FDPGriechenland-Krise

Für Hilfszahlungen muss Klarheit herrschen

Christian LindnerChristian Lindner
01.09.2015

In Griechenland wird es Neuwahlen geben – wie es danach weiter stehe allerdings in den Sternen, warnte FDP-Chef Christian Lindner. Der griechische Premier Alexis Tsipras war kurz nach dem Beschluss des dritten Hilfspakets zurückgetreten und hatte Neuwahlen anberaumt. In einem Interview mit der "Neuen Osnabrücker Zeitung" betonte Lindner: "Bis zur Bildung einer neuen Regierung fordere ich einen Zahlungsstopp."

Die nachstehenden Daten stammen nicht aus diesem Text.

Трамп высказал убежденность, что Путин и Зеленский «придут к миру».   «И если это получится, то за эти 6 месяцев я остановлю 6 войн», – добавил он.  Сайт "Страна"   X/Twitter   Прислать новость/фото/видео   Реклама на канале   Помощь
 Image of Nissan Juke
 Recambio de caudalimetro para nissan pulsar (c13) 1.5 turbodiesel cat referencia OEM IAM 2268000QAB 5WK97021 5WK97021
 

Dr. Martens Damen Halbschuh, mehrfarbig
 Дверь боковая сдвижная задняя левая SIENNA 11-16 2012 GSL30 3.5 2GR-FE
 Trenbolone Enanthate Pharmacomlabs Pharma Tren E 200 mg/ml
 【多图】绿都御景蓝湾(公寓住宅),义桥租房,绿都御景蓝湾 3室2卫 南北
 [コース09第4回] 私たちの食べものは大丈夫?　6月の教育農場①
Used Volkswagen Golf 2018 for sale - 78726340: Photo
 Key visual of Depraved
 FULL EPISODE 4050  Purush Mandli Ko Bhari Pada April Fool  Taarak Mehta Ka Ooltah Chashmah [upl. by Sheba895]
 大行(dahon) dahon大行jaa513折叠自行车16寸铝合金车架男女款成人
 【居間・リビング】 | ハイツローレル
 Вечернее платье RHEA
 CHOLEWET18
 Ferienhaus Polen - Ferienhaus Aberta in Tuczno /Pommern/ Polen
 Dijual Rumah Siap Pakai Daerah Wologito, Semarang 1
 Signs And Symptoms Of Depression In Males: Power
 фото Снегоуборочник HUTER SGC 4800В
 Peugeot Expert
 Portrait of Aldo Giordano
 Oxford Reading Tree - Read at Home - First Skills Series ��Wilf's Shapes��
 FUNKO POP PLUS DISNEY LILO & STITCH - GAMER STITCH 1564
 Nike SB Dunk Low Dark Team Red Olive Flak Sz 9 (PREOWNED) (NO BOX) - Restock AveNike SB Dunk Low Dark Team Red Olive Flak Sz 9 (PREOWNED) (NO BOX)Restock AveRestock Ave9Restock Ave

Für den Freidemokraten ist klar, dass die Euro-Zone nicht einseitig ihre Verpflichtungen gegenüber Athen erfüllen könne, "während in Griechenland die Reformen auf Eis gelegt werden". Die Verträge über das dritte Hilfspaket seien zwischen den Geldgebern und der Regierung von Tsipras ausgehandelt worden. Er gab zu bedenken, dass damit auch Tsipras im Wort stünde, die Bedingungen der Euro-Partner zu erfüllen. "Wie es nach Neuwahlen in Griechenland weitergeht, ist aber vollkommen unklar", unterstrich Lindner.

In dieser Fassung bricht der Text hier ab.